Traders Spy on Oklahoma Hub With Satellites, Sensors and Infrared Cameras
October 2nd, 2012Via: NPR:
The bottleneck of crude stored in Cushing, Okla., has become the country’s “biggest bank vault of oil,” Businessweek’s Matthew Phillips writes. And it’s only getting bigger.
The clog — which is pushing down the price of West Texas Intermediate crude from Oklahoma, creating a gap with its international rival, Brent — is making traders rich.
Information is everything, and traders are using high-tech extremes to extract data about oil storage and flow from the high-security oil hub. Photographers in helicopters?

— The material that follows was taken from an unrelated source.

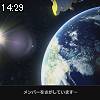 14時25分 ごろ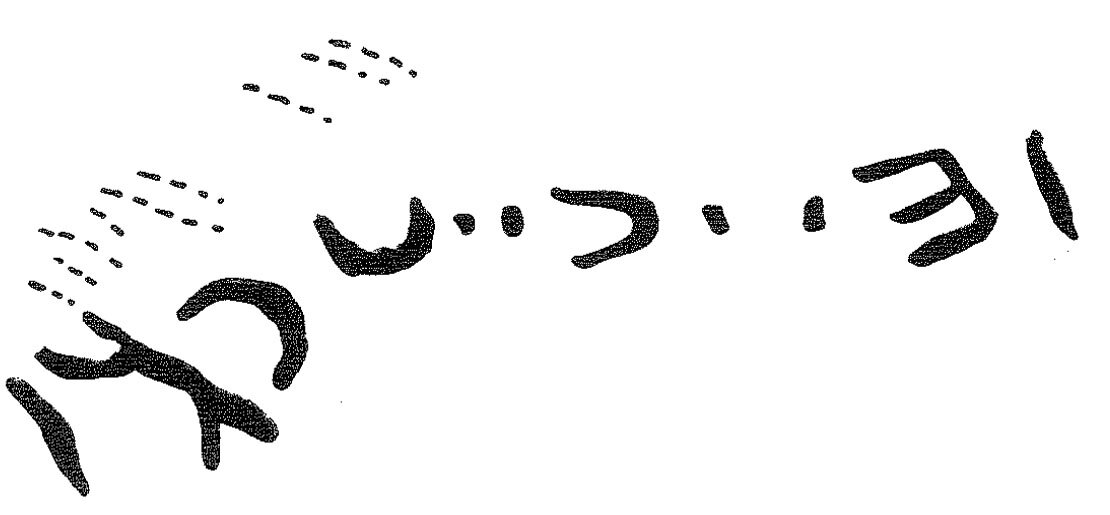 inscription of siglum KRS 2170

That’s relatively low-level when it comes to these storage tank spy games, Businessweek reports:
Recently, photographers have started using infrared cameras to peer inside the tanks. The difference in heat can often show where the oil line is.
Aerial photography is common. A bird’s-eye view allows analysts to estimate storage levels by calculating the angle of shadows cast by massive tanks’ floating roofs.
And that’s just the beginning.
A private “energy intelligence” company called Genscape is funding much of the high-tech surveillance, reports Businessweek, whose parent company — Bloomberg — also does their own Cushing surveillance by way of twice-weekly satellite flyovers.